Dikkat cekme yoluyla ilgiyi üzerinde toplamak ögrenilmis bir davranis ta olabilir..sizin tutumlarinız sonucu cocuk olumsuz davranarak ilgiyi üzerine cekebilecegini cabuk kavramış ve sürekli olumsuz davranarak ( mesela, isteklerini bagirarak veya aglayarak belirtir, grup içinde saldirganca davranir, bagirarak konusur, birseyler çalar veya kirar vb.) sizin ilgisinizi çeker.bu gibi durumlarda sizde uyanik olmalisınız,Cocugun kendisini sinirlendirmek istedigini acikca ona ifade etmeli ( beni sinirlendirerek sana ilgi göstermemi istedigini düsünüyorum tarzi) Empati yaparak cocugun içinde bulundugu duygu durumunu ( öfke, nefret kirginlik gibi) anlamaya calismali
Kendisinden örnekler vererek cocukla iletisime gecmeli..( Bende senin yasindayken annemi boyle kizdiriyordum ancak sonra istedigimi elde edince de hep sucluluk hissetim. Tarzi..bu yaklasim cocugun kendisiyle ilgili konusmasina olanak verir.duygularını daha rahat ifade etmesini sağlayabilir.
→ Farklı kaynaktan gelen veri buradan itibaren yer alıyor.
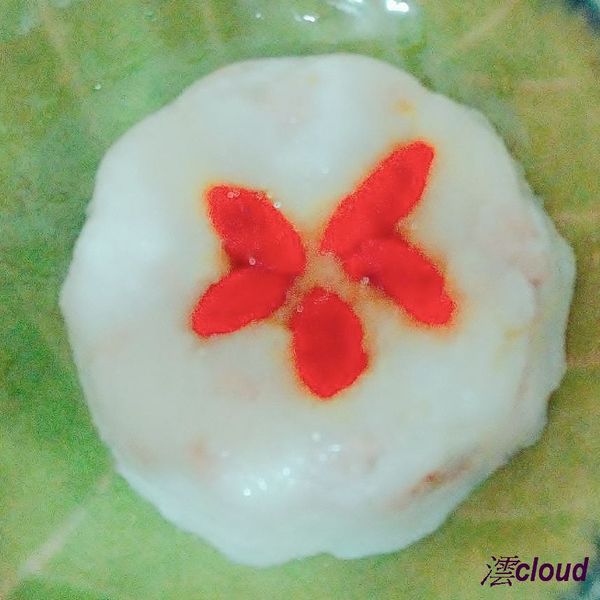 冷藏後的蘿蔔糕會變得較硬，此時就可拿出脫模。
Cevabınız için teşekkür ederim inanın psikolog gibi oldunuz bize sağolun evet inanın çok yıpratıcı özellikle benbu dönemde çok sıkıldım,ne yapıcağımı şaşırdım babası ile iletişim daha iyi ama inanın bazen oda pes ediyor sabrı kalmıyor ,ama bu yaramazlık mayetinde kesinlikle değil, hiç bir yaramazlığı yok sadece bizimki beyin yorgunluğu kendiside özellikle bu dönemde yaptıklarına pişman olup benden özür diliyor:nazar::nazar:Sevgilerle
 
gülsecim rica ederim problemlerinize bi nebzede olsa açıklık getirebiliyorsam ne mutlu bana.aslında hepimiz doğruyu biliyoruzda bunları bi başkasından duyunca daha farkındalığımız artıyor sanırım.
sevgilerimle!
 
merhabalar
ben çok katı bi ailede yetiştim. annem ve babam asla duygularını göstermezler. bana sarıldıklarını bile hatırlamıyorum. tabii doğal olarak benim kişiliğimde de eksiklikler oluştu. yani sevgisizlik. bende kendi çocuğuma maalesef tam anlamıyla yaklaşamadım. çocuğum 6 yaşında ve duygularını belli etmiyor asla. çok sert hayata karşı. sizce bazı şeyleri düzeltebilmek için geçmi. ve uzman yardımı almalımıyım.
 
afedersin mesajın gözümden kaçmış cevabım gecikti bu yüzden!geleneksel Türk ailesinin yapısı çocuğu sevmek şımartır yüz göz olunur oyüzden fazla sıkı fıkı olunmaz uzaktan sevilir.ben böyle düşünen büyüklerimizide yadırgamıyorum çünki onlarda sevilmeden büyüdükleri için sevgiyi ifade etmek zor geliyo!yada beceremiyorlr!sanırım sende bu zorluğu yaşıyosun!uzman yardımından önce kendi durumunun farkında olmak bile bunu değiştirmen için büyük bi adım bence!hem kendini hem çocuğunun davanışlarını zamanla değiştirebilirsin diye düşünüyorum.duygularını dolu dolu yaşa ve yaşat!bunu ancak sen istersen yapabilirsin!akşamları çocuğunu yatırmadan önce kucağına alıp resimlere bakarak masallar oku yanak yanağa!her istediğinde onu öp kokla başka insanların ne düşündüğünü umursama!bi şarkıya yada film için duygulandıysan serbest bırak gözyaşlarını aksınlar aşağı doğru süzülürken yanaklarından bütün hüznünüde süpürüp götürsün!komik bişey gördüğünde yada duyduğunda bırak kahkahanı için için gülme sahte bile olsa ilki ,arkasından gerçeği mutlaka gelir.düşünme başkaları ne düşünür diye sen duygularını dolu dolu yaşaki çocuğunda seni taklit ederek öğrensin hayata kendini ifade etmeyi!6 yaşından önce çocuklar ebeveynlerinin söylediklerinden çok yaptıklarını öğrenir ve davranış haline getirirler.ama senin içinde geç değil berber öğrenebilirsiniz duygularınızı ifade etmeyi.başlangıç olarak rol yaparak başla daha sonra alışıp doğal olarak yaparsın zaten.kafanda soru işaretleri varsa daha yaz bekliyorum!
 
merhaba ece73 öncelikle paylaşım konularınız çok güzel.11aylık bir anneyim çok güzel bilgiler edindim ileriye dönük.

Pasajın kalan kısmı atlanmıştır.